This is not really the industry standard. Once the LFE channel is boosted at the decoder level, there is no more boost in the LFE channel. When all speakers are set to small, there is an electrical boost of 15db going to the subwoofer, not to the LFE channel itself. There is a -15db cut as each channel is redirected to the subwoofer, and that takes care of overloading the sub inputs.


----------



## MACCA350 (Apr 25, 2006)

Sir Terrence said:


> This is not really the industry standard. Once the LFE channel is boosted at the decoder level, there is no more boost in the LFE channel. When all speakers are set to small, there is an electrical boost of 15db going to the subwoofer, not to the LFE channel itself. There is a -15db cut as each channel is redirected to the subwoofer, and that takes care of overloading the sub inputs.


It seems we have two threads on the same topic.

If you run a Digital optical/coax connection from the player to the receiver then the receiver will perform the proper channel adjustment. When you connect with the multichannel analogue from the player you will need a boost for the LFE/SW channel. If there is no BM at the player the boost needed is 10db, If there is BM at the player the boost needed is 15db

Here is what Roger Dressler(Director of Business Development for Dolby Laboratories) said about how BM is performed.



Roger Dressler said:


> The LFE signal is recorded 10dB lower than the main channels. The process of bass management usually means the bass from the main channels is mixed with the LFE, then presented to the subwoofer. The signal level in the LFE channel is permitted to reach full scale, so in order to mix anything with it, additional headroom must be provided, even when the other 5 channels are being scaled down 10dB to achieve the correct relationship relative to LFE. The amount of additional headroom provided is 5dB. The bass from the main channels is attenuated 15 dB and the LFE is attenuated 5 dB before mixing.
> 
> This means that the bass signal levels coming out of a “fixed level” player is -15dB wrt the main channels. Most AVRs are able to use this level correctly, as they apply the same "scale by -5dB" process when performing bass management internally.


cheers


----------



## Vader (Jul 8, 2006)

> It seems we have two threads on the same topic.
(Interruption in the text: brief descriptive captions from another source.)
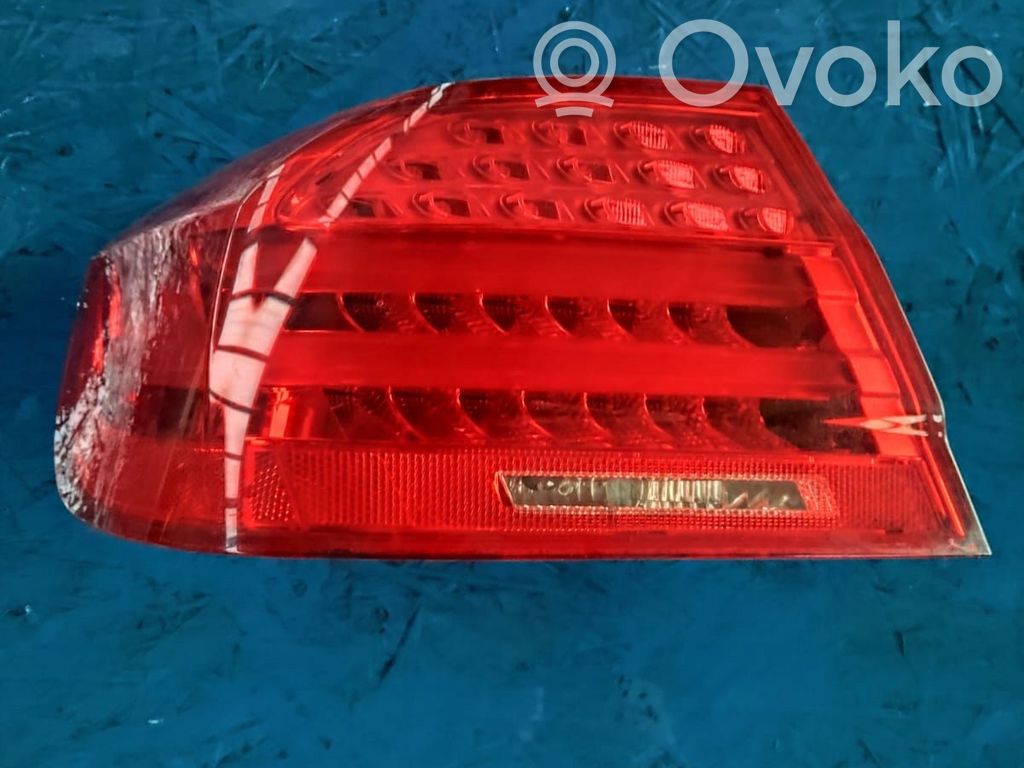 Rear/tail lights set   H3725195705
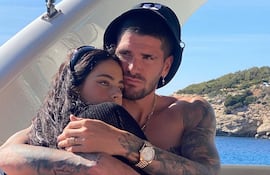 Romántica postal. Tini Stoessel en los brazos de Rodrigo de Paul.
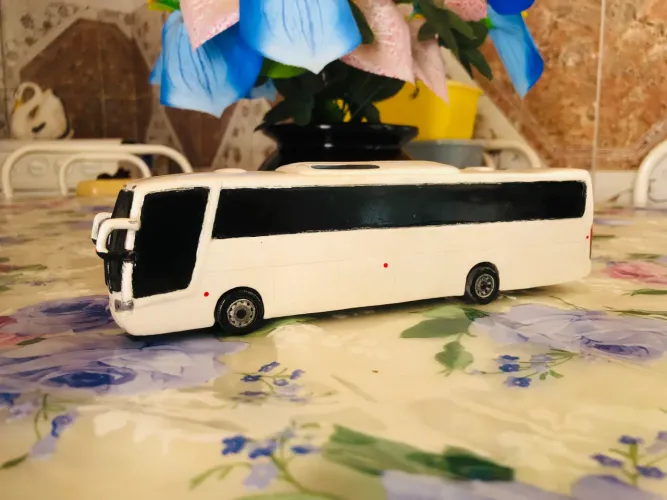 Miniatura de ônibus 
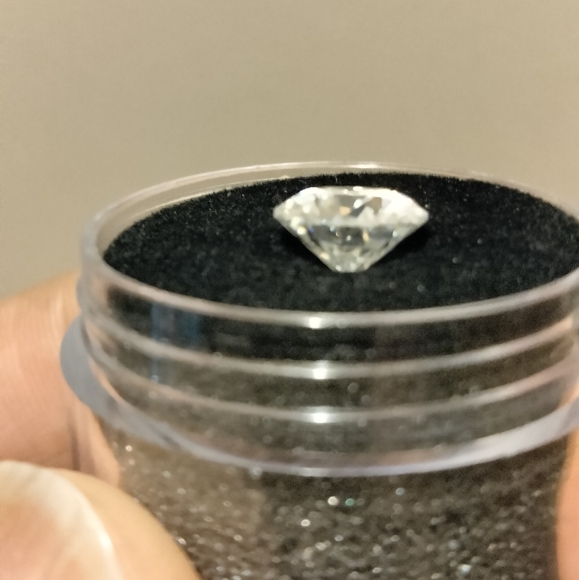 Moissanite lab grown 2ct. round brilliant cut diamond - Picture 6 of 12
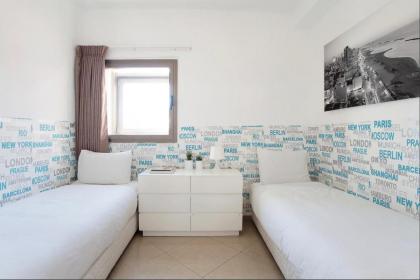 Amazing 2BR in Ben Yehuda by Holiday-Rentals - image 8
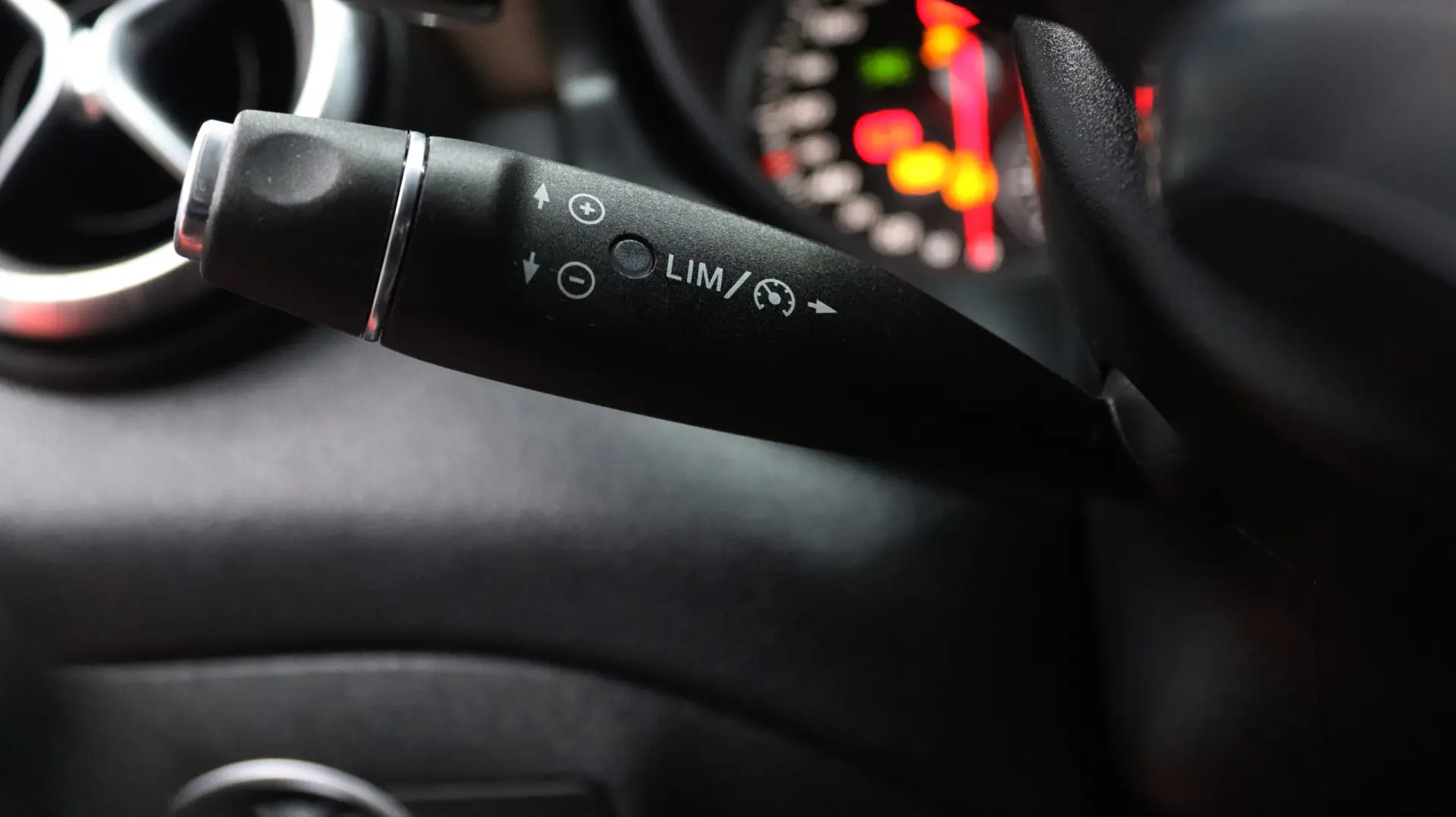 Mercedes-Benz CLA 220 d Shooting Brake AMG Line Aut. 14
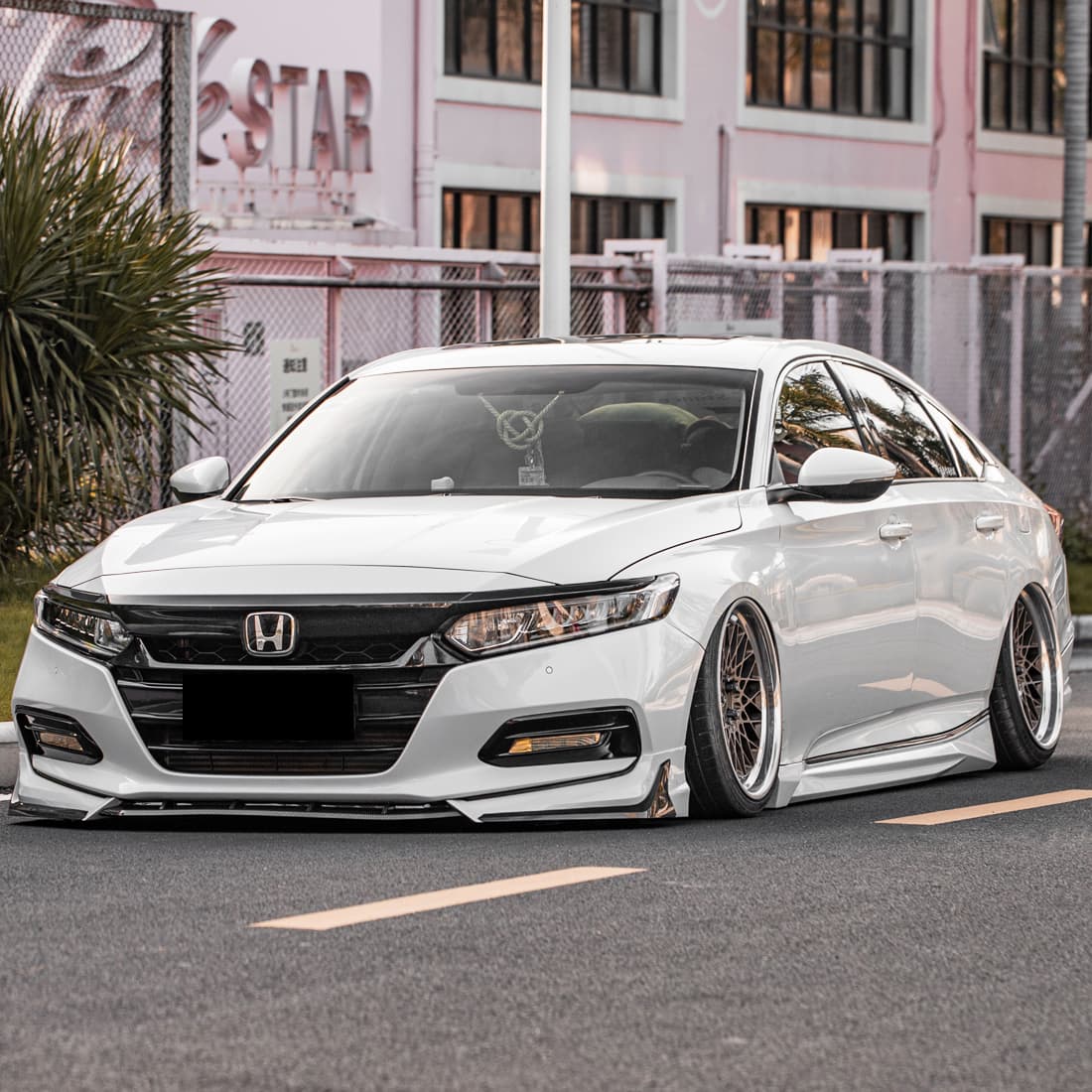 American Modified Aerodynamic Front Lip Spoiler, White - AMHMBA00201 product image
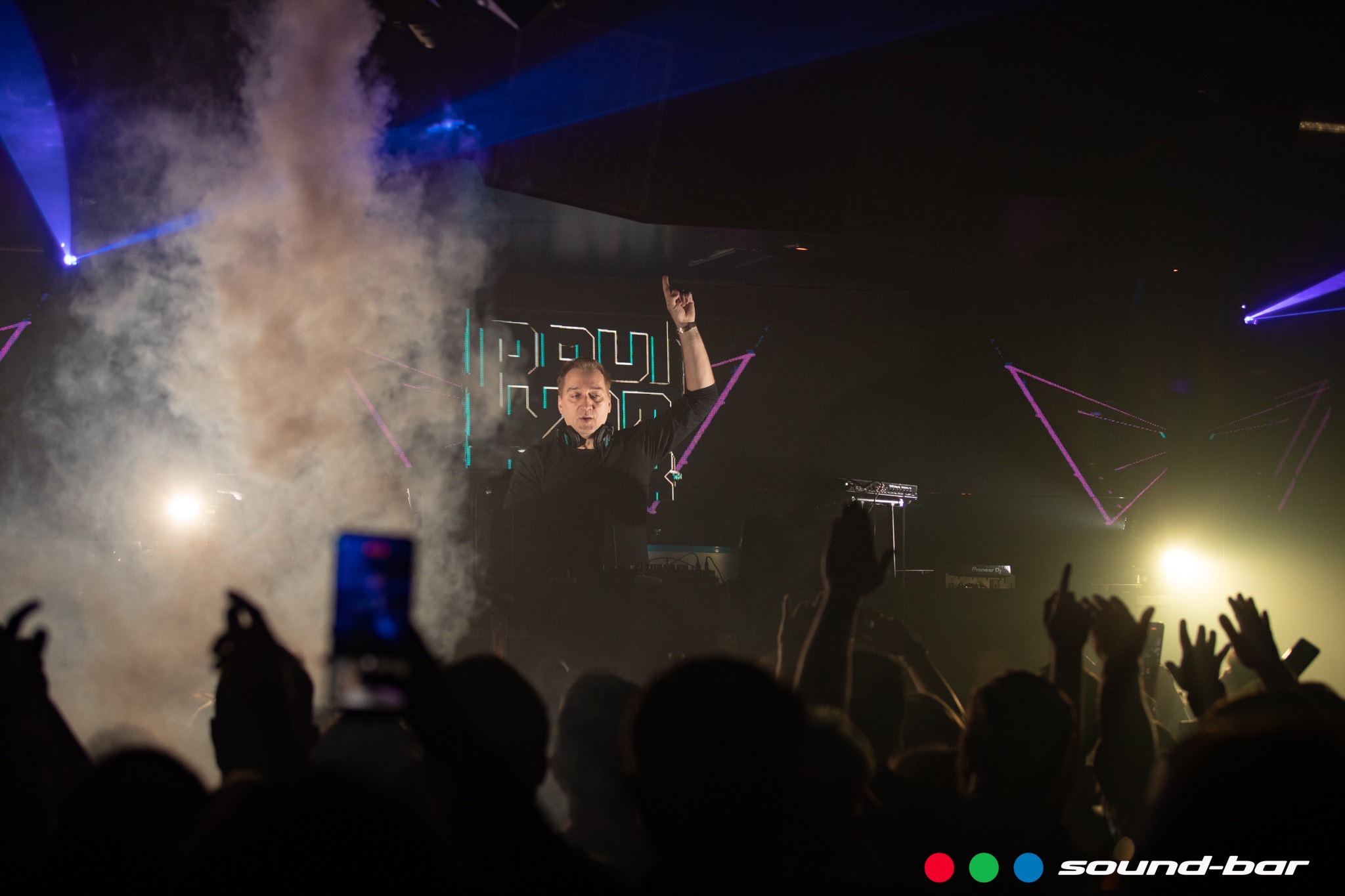PAUL VAN DYK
... which is my fault. Actually, this thread is where this discussion belogs (which I am learning a great deal from!), and I derailed my own thread concerning the re-mixing of Dolby Digital Plus and TrueHD. My apologies.


----------



## Tommy (Apr 20, 2006)

Not sure if this will help this problem or not but here is info on the most recent firmware update v 2.2

Firmware Update Version: 2.2

Applicable Models: HD-XA1, HD-A1 and HD-D1.

Overview:
This firmware update adds support for certain anticipated network delivered content in future HD DVD discs, improves certain video and audio processing capabilities, as well as addresses certain disc playback and HDMI/DVI related problems identified by Toshiba.


http://www.tacp.com/tacpassets-images/notices/hddvdfirmware.asp


----------



## Vader (Jul 8, 2006)

I wish the problem had been addressed, but Toshiba has yet to even acknowledge such a problem exists. Maybe in FW update 3.0 (the one with DTS-HD....)


----------



## Tommy (Apr 20, 2006)

I believe the insides have mentioned it on another board so I think they are aware of it...


----------



## Vader (Jul 8, 2006)

Well,

After a great deal of reading on the subject, and taking boatloads of SPL measurements, I have reached the following conclusion about the bass management in the A1: it's busted...

I found that, for some reason, the TrueHD and DD+ pink noise is exactly 5dB colder than the DD or DTS counterpart. I calibrated the speakers to 75dBC/85dBC on both SPDIF and analog using DVE, and then compared the TrueHD signal (downmixed to DTS on SPDIF) from HD-DVE, without changing anything. It is almost exactly 5dB cooler, at 80dBC (for _both_ SPDIF and analog). I am not sure why this is, but DD/DTS measures fine, and so do all of the satellites. Maybe because of the increased dynamic range offered by DD+ and TrueHD (I find that DD+ is also cooler by about the same amount by comparing the SPL of the "beethoven flyby" in the Swelltone demo on DVE/HD-DVE)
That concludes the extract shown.